Dec 6, 2011, 3:37:49 PM12/6/11

to publishing-st...@googlegroups.com, Dominik Siegele

Dear all,

I would like to ask for your opinions on the following approach to use qb:CodeList together with non-information URIs and Literal values (which is related to the problem described so far in this thread):

Given the task to represent date as Date Literal, geo as specific instances of NUTSRegion, and sex as instances of skos:Concept for the male/female/total. We have this task e.g. at [1] where we are representing Eurostat [2] data using the RDF Data Cube Vocabulary (QB).

The approach that we now consider to implement:
*Optional: rdfs:range for DimensionProperty in order to have an understanding of what kinds of things are represented by the members, e.g., xsd:date for dc:date and NUTSRegion for geo.
*qb:codeList for DimensionProperty in order to list the possible skos:Concepts that represent values of the dimension, e.g., estat:y2003 for one specific year, estat:AT for one specific country, and estat:F for one specific gender
*skos:Concepts have as rdfs:seeAlso instances linked that they represent, e.g., estat:AT rdfs:seeAlso dbpedia:Austria and as rdfs:label Literal values linked that they represent, e.g., estat:y2003 rdfs:label "2003"^^xsd:date
* The observations can either use the represented instances directly, e.g., dbpedia:Austria and "2003"^^xsd:date, or they can use the skos:Concept representations, e.g., estat:F

This approach brings the following advantages:
* We can limit the number of literal values of a specific dimension
* We can have relationships between dimension values, e.g., for hierarchies, and still use the literal values or the non-information URIs in the observations
* Publishers may still represent skos:Concepts as possible dimension values and can link them using owl:sameAs to the actual represented values. Although this may be wrong, as it would state the term (e.g., skos:Concept Germany) and the actual thing (dbpedia:Germany) as being the same thing, applications that would work with the explained approach would also work here.

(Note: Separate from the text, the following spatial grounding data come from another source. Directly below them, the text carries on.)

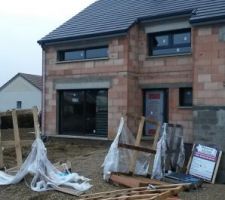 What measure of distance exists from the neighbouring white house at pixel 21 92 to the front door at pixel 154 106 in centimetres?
3335

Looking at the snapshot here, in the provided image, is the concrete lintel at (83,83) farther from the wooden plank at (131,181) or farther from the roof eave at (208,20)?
the wooden plank at (131,181)

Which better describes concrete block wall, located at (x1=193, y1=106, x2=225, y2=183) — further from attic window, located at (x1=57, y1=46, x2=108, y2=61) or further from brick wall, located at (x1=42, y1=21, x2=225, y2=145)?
attic window, located at (x1=57, y1=46, x2=108, y2=61)

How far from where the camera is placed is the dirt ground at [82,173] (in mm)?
10305

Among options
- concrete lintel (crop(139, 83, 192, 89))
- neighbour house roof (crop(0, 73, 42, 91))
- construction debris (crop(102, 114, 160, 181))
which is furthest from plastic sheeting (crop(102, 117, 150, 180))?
neighbour house roof (crop(0, 73, 42, 91))

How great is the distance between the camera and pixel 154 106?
61.1 feet

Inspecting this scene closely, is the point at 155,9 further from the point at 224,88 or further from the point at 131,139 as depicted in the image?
the point at 131,139

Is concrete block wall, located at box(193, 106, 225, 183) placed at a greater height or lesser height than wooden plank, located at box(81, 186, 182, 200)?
greater

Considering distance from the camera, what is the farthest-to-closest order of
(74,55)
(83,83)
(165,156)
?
(74,55) → (83,83) → (165,156)

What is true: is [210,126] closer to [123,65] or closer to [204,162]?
[204,162]

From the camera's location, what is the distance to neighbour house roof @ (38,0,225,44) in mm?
16759

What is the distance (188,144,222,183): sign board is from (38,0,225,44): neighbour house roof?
14.6 ft

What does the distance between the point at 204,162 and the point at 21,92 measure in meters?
43.3

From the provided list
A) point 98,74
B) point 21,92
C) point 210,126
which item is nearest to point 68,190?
point 210,126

I would be glad to hear your opinions on this.

Regards,

Benedikt

[1] <http://estatwrap.ontologycentral.com/page/teilm020>
[2] <http://estatwrap.ontologycentral.com/>

Richard Cyganiak

unread,

Dec 6, 2011, 5:05:41 PM12/6/11

to publishing-st...@googlegroups.com, Dominik Siegele

Hi Benedikt,

On 6 Dec 2011, at 20:37, Benedikt Kämpgen wrote:
> Given the task to represent date as Date Literal, geo as specific instances of NUTSRegion, and sex as instances of skos:Concept for the male/female/total. We have this task e.g. at [1] where we are representing Eurostat [2] data using the RDF Data Cube Vocabulary (QB).
>
> The approach that we now consider to implement:
> *Optional: rdfs:range for DimensionProperty in order to have an understanding of what kinds of things are represented by the members, e.g., xsd:date for dc:date and NUTSRegion for geo.

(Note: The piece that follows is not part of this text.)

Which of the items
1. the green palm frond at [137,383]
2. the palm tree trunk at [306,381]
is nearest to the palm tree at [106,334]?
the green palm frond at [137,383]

That makes sense. I would always specify this when no qb:codeList is present.

> *qb:codeList for DimensionProperty in order to list the possible skos:Concepts that represent values of the dimension, e.g., estat:y2003 for one specific year, estat:AT for one specific country, and estat:F for one specific gender

I would use qb:codeList only with skos:ConceptSchemes. It looks like your intention is to create concept schemes for all dimensions, including time. I think that's ok.

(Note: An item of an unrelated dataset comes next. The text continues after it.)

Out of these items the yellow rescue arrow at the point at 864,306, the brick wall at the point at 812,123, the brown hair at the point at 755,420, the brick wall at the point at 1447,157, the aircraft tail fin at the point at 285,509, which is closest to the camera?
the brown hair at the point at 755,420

> *skos:Concepts have as rdfs:seeAlso instances linked that they represent, e.g., estat:AT rdfs:seeAlso dbpedia:Austria

I would use skos:closeMatch (or skos:exactMatch if you're a radical; or skos:relatedMatch if you're a coward) instead of rdfs:seeAlso.

This has the consequence of typing dbpedia:Austria as a skos:Concept, but that surely is fine, given the definition of skos:Concept:

[[
A SKOS concept can be viewed as an idea or notion; a unit of thought. However, what constitutes a unit of thought is subjective, and this definition is meant to be suggestive, rather than restrictive.
]]

Some might say: “A country is not an idea! It exists in the real world!” But I don't find that such arguments hold water. Countries are created and abolished through legislation and treaties; and decades can pass where large parts of mankind disagree on the question whether a particular entity is a country or not. Countries are really just the taxonomist's business objects of political geographers.

> and as rdfs:label Literal values linked that they represent, e.g., estat:y2003 rdfs:label "2003"^^xsd:date

Use skos:notation instead of rdfs:label. Note that "2003"^^xsd:date is ill-typed. It has to be "2003-01-01"^^xsd:date, or "2003"^^xsd:gYear.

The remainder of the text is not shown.